Hi, everybody. I’m Mike Staver. This is Mondays with Mike, a weekly video series where I answer questions from people just like you. Here’s this week’s question.
“What’s the best way to create healthy boundaries when it comes to friends, family and colleagues? I’m a people pleaser. And don’t want to be mean or harsh, but I really need to get some boundaries in place.”
Yes, well, here’s how you do it, you decide what those boundaries are. Now, let me just give this to you and we’ve answered questions like this before. Let me give you the thing about boundaries that’s really important.
If you have rigid boundaries, like “I’m never going to do that,” or “That will never happen again,” then you create more opportunities for you to break rules and to have problems, okay?
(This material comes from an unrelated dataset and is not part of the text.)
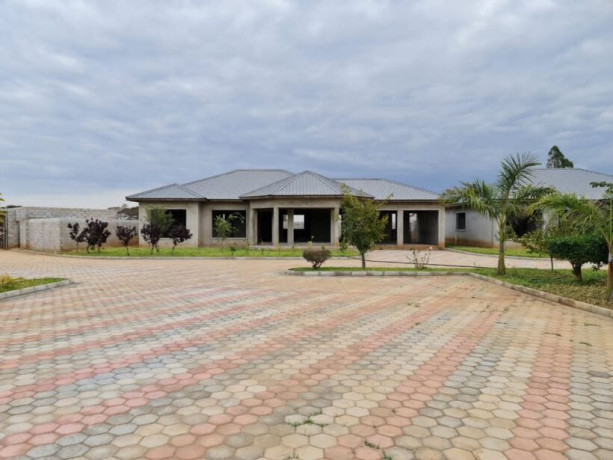 complex-of-9-free-standing-bungalows-in-makeni-big-7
So first of all, not rigid boundaries. If you have no boundaries, you’re going to have a lot of issues because you’re going to feel like you’re being battered around by the sea and that battering is going to make you feel very out of control, and like other people have it, have the control. Now, this is an important thing to know about boundaries. Boundaries are not something you set for someone else, boundaries are things that you make choices about.
I want to say that again, boundaries are not for somebody else, I’m not going to say to you, “I’m not going to be around you if you talk to me that way,” because see, that’s a request for you to change your behavior and I don’t have any control over your behavior. But I can say this, “If you’re going to talk to me that way, I choose not to be in this conversation.” This is a very, very important distinction around boundaries. I hear a lot of people teaching boundaries, I hear a lot of people talking about boundaries and what they think are boundaries are something you impose on another person, they’re not.
Boundaries are something you build for yourself. I choose not to be in an environment like that. Not if you’re going to keep having an environment like that, I’m not going to be in it because that changes the power dynamic. If you’re waiting for them to change or request for them to change then there’s a problem and we want to avoid that problem as best we can. So not rigid, not lacking, but flexible, right? I very seldom use the word never, I never use the word never, never do I use the word never, I mean, I don’t ever– [chuckles] Just kidding.
All right, so avoid rigid boundaries, build flexible boundaries, but remember, boundaries are about you, not them. Hope that’s helpful.